From the entries that follow, pick out all lines holding "Jack".

> _ENTRIES PROVIDED_

########

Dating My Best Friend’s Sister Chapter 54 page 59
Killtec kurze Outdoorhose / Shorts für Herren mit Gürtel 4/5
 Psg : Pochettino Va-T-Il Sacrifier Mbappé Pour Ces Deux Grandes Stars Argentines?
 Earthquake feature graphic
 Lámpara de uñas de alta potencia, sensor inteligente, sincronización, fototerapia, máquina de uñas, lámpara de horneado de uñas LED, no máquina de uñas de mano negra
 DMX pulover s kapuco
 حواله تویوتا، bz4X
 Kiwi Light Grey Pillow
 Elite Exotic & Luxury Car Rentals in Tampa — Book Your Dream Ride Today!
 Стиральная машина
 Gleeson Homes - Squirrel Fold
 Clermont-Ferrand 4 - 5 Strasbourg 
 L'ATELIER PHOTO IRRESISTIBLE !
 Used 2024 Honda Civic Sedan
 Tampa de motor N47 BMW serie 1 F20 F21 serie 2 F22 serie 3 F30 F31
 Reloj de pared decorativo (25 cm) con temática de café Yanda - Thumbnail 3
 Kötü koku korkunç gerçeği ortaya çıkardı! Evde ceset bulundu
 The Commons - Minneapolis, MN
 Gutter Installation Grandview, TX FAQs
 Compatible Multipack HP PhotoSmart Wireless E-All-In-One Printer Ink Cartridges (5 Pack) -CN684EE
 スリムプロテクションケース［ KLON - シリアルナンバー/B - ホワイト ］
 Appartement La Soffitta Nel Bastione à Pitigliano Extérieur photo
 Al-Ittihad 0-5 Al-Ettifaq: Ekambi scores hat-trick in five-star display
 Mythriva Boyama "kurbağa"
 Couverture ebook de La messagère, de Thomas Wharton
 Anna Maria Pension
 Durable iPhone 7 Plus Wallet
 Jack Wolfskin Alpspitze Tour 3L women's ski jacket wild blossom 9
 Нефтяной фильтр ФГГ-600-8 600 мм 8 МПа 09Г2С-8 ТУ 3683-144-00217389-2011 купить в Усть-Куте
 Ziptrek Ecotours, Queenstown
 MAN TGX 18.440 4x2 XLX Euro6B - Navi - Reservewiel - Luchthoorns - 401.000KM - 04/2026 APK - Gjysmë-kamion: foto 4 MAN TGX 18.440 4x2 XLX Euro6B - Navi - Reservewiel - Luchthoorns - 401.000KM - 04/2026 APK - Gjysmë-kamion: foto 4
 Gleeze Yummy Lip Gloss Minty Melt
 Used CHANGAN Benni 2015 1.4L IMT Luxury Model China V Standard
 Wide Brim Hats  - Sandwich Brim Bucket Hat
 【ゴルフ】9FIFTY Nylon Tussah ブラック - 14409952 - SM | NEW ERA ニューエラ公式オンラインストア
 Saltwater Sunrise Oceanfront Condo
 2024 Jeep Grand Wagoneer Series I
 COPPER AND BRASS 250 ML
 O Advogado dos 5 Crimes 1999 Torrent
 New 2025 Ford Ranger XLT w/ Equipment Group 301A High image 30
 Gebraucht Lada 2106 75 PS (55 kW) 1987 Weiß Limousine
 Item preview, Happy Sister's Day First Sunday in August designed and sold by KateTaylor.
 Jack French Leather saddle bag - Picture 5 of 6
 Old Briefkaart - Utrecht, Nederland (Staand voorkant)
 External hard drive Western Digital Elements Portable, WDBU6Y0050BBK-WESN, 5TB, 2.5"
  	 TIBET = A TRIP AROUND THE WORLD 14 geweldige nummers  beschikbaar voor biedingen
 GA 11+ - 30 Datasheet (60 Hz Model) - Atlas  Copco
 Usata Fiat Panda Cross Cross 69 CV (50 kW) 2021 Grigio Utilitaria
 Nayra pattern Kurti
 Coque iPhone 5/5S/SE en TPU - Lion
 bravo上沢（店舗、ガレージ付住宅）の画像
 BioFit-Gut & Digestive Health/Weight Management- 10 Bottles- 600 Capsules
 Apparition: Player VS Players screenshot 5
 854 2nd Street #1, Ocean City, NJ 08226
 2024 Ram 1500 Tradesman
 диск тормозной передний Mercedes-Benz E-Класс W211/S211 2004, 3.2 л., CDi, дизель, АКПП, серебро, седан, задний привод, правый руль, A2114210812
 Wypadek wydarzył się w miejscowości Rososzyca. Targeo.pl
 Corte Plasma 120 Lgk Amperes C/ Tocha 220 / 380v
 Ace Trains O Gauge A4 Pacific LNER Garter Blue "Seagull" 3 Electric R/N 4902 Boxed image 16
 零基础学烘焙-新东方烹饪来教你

########

> _ANSWER AREA_
 Jack Wolfskin Alpspitze Tour 3L women's ski jacket wild blossom 9
 Jack French Leather saddle bag - Picture 5 of 6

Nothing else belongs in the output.